Kind words cost little but they accomplish much.
~Blaise Pascal
Quilting
If you know me, you know there are still lots of strips cut. Way too many. After deboning the shirts and cutting some into smaller pieces than were easy to use, I sliced the rest into 4.5" strips. When the previous top worked out, I went looking for another idea with easy {larger} pieces. There's a pattern from 1942 called A Red and White Crisscross that looks like an X that I simplified. First, this X is made of two squares and a rectangle. Second, it's not a single block anymore. All the whites are squares, too. This meant I had to lay everything out to line up the fabric correctly but that's much easier than sewing eight triangles around each X.

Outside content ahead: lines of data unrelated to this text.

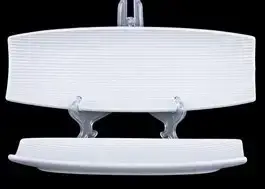 Тарілка прямокутна закруглена Helios декорована порцелянова 10"255мм*89мм W140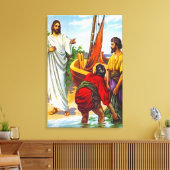 Matteüs 4:18-22 Jezus roept vissers 2 canvas Afdruk (Insitu (Woonkamer))
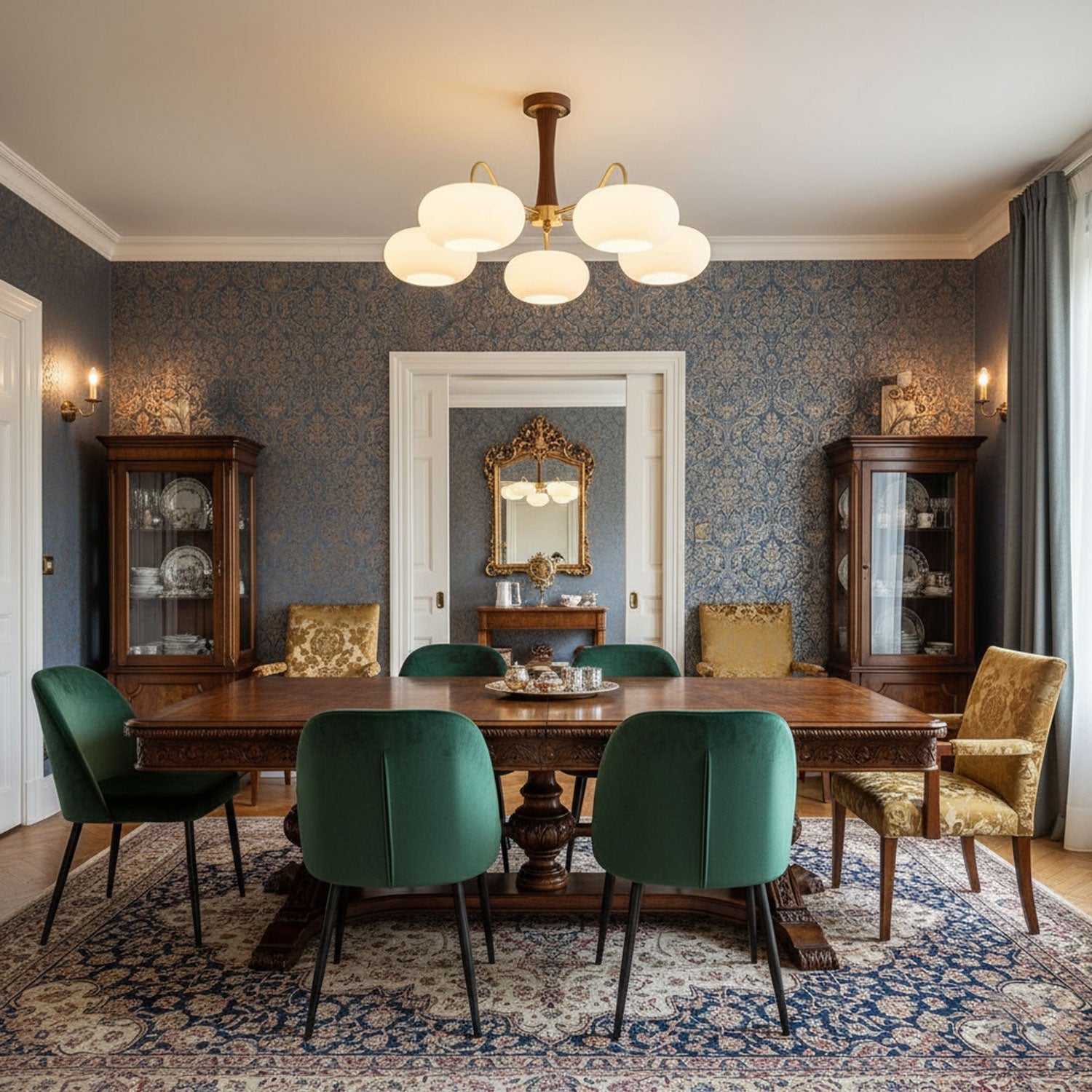 Żyrandol z mosiężnymi ramionami i białymi kloszami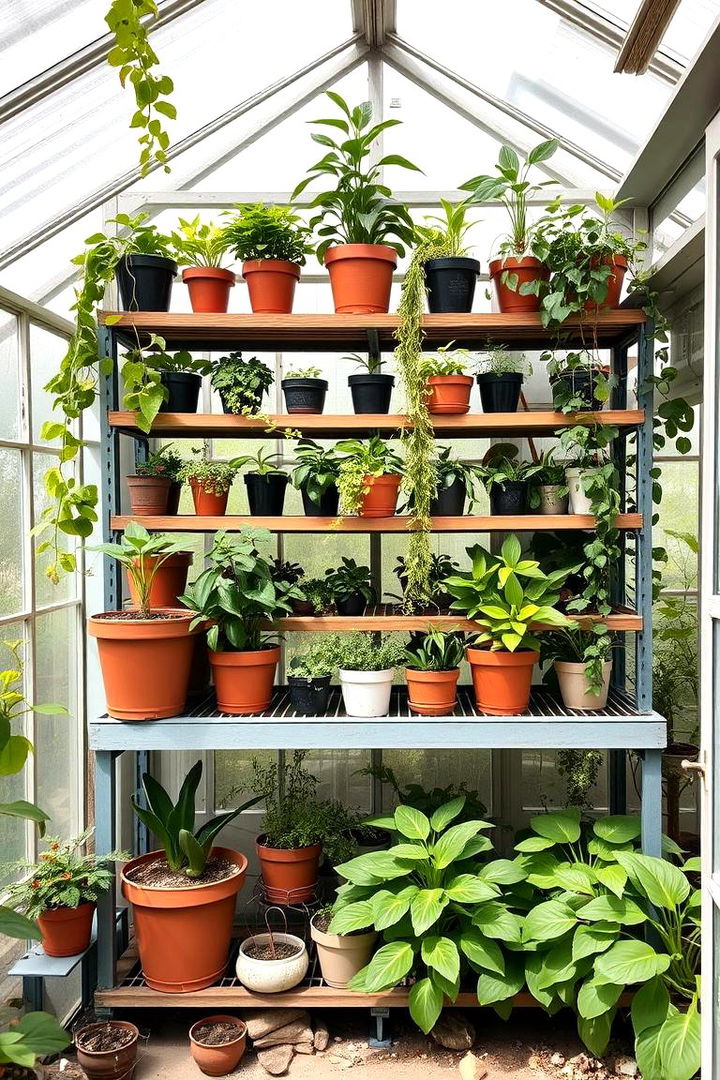 Tiered Shelving for Plant Display - 22 Greenhouse Shelving Ideas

The blue shirt strips were subcut into 12.5" and and 4.5" units while the white strips were cut into 4.5" squares and 7.25" squares. The larger ones were subcut into QSTs for the border.
With the Xs as a guide, I added white squares as needed to sew the diagonal rows.
I simply eyeballed the final rows by lining up the sewn line with the squares below. Of course, you could measure everything if you preferred. Haha.
There were enough of these pieces to make a second, slightly smaller top, too. At least one of these will become a donation when the weather cools enough to think about quilting.
They were fast and easy. Fewer seams means less fraying of these vintage fabrics.